Maddie’s sister, Brandi, is holding a very big charity event
and guess who gets to organize it? Yes, Maddie. Fortunately, she
has a new intern, Isobel York, who is more than capable of helping
to run the store while Maddie works on the charity event. Alas,
a look-alike to Isobel is murdered, and Isobel is getting death
threats on the telephone. Of course Maddie, along with hunky guy
friends Nick (FBI agent) and Detective Lytton Werner, investigate
the murder and find themselves drawn deeper into a tangled case
that turns as deceptive as a spider’s web is to a fly.
I enjoyed this book very much because it is a well drawn out mystery
featuring likeable characters, and offers a healthy dose of humor
and even some vintage fashion tips.
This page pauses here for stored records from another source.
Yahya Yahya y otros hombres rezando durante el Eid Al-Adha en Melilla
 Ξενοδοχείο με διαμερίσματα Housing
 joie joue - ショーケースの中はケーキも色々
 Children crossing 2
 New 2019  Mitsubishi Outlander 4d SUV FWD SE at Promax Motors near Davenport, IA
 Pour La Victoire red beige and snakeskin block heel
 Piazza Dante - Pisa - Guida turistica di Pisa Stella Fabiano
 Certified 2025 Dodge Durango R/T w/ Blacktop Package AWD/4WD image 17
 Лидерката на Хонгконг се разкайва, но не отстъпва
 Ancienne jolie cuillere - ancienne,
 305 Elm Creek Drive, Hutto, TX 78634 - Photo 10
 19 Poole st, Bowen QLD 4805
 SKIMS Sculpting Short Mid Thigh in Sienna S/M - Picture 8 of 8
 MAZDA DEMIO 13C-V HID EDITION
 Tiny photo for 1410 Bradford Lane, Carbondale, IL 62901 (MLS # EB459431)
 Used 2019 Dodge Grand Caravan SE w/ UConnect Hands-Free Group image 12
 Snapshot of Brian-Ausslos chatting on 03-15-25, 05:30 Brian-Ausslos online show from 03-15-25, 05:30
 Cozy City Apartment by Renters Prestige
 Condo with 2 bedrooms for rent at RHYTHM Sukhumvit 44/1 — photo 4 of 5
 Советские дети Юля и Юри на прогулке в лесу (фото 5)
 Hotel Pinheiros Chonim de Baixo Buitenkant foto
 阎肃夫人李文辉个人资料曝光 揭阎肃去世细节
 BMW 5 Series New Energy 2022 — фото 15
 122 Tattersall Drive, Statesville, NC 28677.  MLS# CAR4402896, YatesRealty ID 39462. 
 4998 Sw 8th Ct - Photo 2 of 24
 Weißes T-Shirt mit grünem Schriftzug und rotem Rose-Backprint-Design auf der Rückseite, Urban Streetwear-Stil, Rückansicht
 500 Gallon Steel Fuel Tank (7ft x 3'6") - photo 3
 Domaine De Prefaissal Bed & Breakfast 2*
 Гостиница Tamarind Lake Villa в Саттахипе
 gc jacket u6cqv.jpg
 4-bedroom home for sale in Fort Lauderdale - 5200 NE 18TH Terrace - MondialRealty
There is plenty of romance with
Maddie conflicted by her feelings for the two men in her life, yet
no unnecessary sex scenes that would make Maddie look like a loose
woman. I did wish for a little more of Maddie’s home life,
but her family is also prominently featured. I missed reading more
about her cat, Chakra too, and wished for a little more time with
her best friend, Eve. Also present was the ghost, Dante, who exists
in Vintage Magic and has an actual romance with 104-year-old Dolly!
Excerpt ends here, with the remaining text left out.